I have never been terribly discerning about the books I buy. I have always spent my book budget on whatever looks interesting, gathering a collection of books I might like to read some day. In my early adulthood, this method worked reasonably well for me. My book budget was small, so my collection grew at a fairly slow rate, and I was in grad school for English, so it made a certain amount of sense to snag books I knew I would have to read whenever I came across them, especially if it was on the cheap. But as the money available to buy books has increased and the books I will have to read has decreased with my circumstances (pretty much to zero), this method has become unwieldy and almost absurd. I now buy far more books in a year than I could read in the same time. For me, the point of owning books has never been solely to be able to read them, so I spent a few years unperturbed by my wacky ratio of books bought to books read, figuring that if we had the money and the space and if it brought me joy to acquire so many books, where was the harm?

I still think pretty much along those lines, except that we don't really have the space any more (there are only so many places you can put bookshelves in a house, alas), and almost more importantly, I no longer think it brings me joy to acquire so many books. I still love (*love*) a good browse and splurge in the bookstore, but it's become a bit like the way I love French fries: fully and genuinely in the moment, but not so much in the long term. I will never be able to read everything that's ever been written, and having so many unread books in the house is starting to feel more like a sad reminder of that fact than an abundance of reading riches. 

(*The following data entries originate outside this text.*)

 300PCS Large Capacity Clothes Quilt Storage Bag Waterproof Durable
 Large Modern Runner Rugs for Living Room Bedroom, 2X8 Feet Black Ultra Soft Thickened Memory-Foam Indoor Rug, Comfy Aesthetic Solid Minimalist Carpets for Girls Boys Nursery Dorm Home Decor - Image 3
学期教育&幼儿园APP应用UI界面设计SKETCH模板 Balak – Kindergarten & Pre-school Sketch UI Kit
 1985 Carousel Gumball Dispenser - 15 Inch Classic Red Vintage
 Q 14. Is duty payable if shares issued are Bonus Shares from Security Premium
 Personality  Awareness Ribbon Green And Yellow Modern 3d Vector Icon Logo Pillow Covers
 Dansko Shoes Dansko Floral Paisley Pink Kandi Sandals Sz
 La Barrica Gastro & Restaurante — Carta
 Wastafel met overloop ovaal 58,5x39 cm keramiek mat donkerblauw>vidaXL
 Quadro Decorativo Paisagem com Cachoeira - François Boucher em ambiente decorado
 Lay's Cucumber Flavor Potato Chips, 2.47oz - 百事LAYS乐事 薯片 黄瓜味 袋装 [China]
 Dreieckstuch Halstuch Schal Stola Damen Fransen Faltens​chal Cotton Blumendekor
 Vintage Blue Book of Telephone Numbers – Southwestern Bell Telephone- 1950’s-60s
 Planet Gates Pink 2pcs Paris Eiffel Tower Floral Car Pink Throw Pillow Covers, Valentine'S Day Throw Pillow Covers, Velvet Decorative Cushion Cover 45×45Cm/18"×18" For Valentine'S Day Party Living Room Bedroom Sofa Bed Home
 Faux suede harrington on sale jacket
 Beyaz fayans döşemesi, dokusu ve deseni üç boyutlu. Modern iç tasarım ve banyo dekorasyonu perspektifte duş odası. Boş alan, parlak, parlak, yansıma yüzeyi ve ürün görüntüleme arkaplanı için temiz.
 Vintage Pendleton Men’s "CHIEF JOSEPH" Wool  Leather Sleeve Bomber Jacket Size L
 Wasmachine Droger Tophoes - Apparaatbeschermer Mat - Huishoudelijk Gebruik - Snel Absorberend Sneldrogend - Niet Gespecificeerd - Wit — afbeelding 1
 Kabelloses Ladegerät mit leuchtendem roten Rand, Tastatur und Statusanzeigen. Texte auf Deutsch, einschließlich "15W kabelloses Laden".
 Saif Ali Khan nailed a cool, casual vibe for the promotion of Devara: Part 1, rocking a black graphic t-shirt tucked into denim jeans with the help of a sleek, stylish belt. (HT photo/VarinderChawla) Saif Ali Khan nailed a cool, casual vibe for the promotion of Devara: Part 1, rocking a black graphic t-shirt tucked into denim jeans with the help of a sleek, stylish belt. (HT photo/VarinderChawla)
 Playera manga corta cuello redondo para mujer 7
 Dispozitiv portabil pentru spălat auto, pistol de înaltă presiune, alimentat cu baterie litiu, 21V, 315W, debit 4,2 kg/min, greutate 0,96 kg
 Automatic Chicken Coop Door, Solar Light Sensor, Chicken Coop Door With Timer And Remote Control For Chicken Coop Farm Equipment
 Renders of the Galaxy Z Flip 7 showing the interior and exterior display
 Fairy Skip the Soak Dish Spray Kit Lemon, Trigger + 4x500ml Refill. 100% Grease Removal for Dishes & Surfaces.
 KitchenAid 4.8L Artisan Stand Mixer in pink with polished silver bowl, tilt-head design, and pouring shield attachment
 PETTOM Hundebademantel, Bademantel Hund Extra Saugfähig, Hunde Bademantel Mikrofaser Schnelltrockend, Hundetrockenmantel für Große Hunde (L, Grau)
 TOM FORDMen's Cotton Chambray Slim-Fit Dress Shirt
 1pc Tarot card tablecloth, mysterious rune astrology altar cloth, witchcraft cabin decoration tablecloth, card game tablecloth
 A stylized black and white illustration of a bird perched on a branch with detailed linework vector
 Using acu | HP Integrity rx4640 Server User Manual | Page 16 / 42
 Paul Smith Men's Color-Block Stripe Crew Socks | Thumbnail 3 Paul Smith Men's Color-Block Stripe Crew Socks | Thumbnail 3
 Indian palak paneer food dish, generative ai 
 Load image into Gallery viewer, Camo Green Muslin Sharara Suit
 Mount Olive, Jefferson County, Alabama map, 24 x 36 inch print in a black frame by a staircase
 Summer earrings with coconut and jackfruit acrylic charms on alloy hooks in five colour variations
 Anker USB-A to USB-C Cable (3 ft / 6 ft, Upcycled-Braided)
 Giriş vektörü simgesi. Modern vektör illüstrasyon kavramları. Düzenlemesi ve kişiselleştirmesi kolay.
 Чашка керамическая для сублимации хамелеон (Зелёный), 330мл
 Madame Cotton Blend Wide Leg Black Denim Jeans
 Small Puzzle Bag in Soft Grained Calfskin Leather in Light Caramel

I've been hovering for a few years on the realization that I will have to alter my book-buying habits (or somehow score a Beauty-and-the-Beast-level library--and the kind of house palace that could hold it), but a recent development has made me want to. We have a spare room in our basement (I think of it as the lumber room, but I think we're in the wrong century for that to be entirely apt), and we recently cleared it out (again--I swear stuff multiples down there). We ordered a few more bookshelves to put in the cleared out space and to relieve some of our upstairs bookcases of their double-shelved burdens. I spent much of this past weekend reorganizing the shelves in the sunroom (my "office," where my desk, my couch, and most of my books are--and where I spend most of my waking hours) and hauling some two hundred books downstairs. The sunroom shelves are so much more open now. Don't get me wrong--there's no free space, no room to set a nice vase of flowers or a treasured tchotchke or anything. Some of the shelves still have a small "extra" stack of books sitting in front of the row or resting across the line of books. But none of the shelves are fully double-shelved anymore, and the crevices between bookcases are no longer stuffed with the odd books that just had no where else to go. And I like it. I like being able to see everything that's there. I like the little slivers of empty space. I like the tidiness of it, the sense of abundance coupled with control. I like that the books do not seem to be completely taking over the room. I like it so much that I want to keep it that way. And the only way to do that is to be discerning about which books come into the house from now on. (And more ruthless about which ones leave. But that is a topic for another day.)

I hear tell of readers who only keep the books that have special meaning to them. I never saw the appeal in that before, but I'm getting to a place where I can just about imagine it. It sounds freeing. And terrifying. Something to contemplate... another time, perhaps.